* Aim of the task *
Would you reproduce exactly the lines below from the one holding "a wonderful gift...</div>" through the one holding "Marcelli Malpighii Philosophi", inclusive, and no others?

* Dataset records *

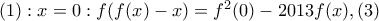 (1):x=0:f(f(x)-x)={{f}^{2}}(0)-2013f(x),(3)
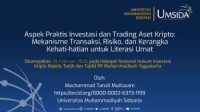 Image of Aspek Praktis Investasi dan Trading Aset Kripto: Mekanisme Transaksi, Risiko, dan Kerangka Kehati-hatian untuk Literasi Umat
==
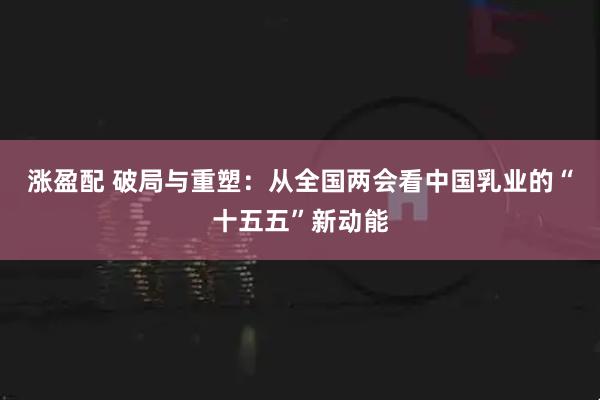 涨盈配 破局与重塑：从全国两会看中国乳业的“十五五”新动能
---
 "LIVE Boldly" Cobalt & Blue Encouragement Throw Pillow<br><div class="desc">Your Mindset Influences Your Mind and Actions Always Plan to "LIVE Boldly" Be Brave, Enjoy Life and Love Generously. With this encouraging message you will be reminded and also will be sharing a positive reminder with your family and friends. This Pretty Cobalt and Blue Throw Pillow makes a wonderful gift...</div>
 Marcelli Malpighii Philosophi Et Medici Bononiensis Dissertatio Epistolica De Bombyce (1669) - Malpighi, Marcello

* Solution for this task *
 "LIVE Boldly" Cobalt & Blue Encouragement Throw Pillow<br><div class="desc">Your Mindset Influences Your Mind and Actions Always Plan to "LIVE Boldly" Be Brave, Enjoy Life and Love Generously. With this encouraging message you will be reminded and also will be sharing a positive reminder with your family and friends. This Pretty Cobalt and Blue Throw Pillow makes a wonderful gift...</div>
 Marcelli Malpighii Philosophi Et Medici Bononiensis Dissertatio Epistolica De Bombyce (1669) - Malpighi, Marcello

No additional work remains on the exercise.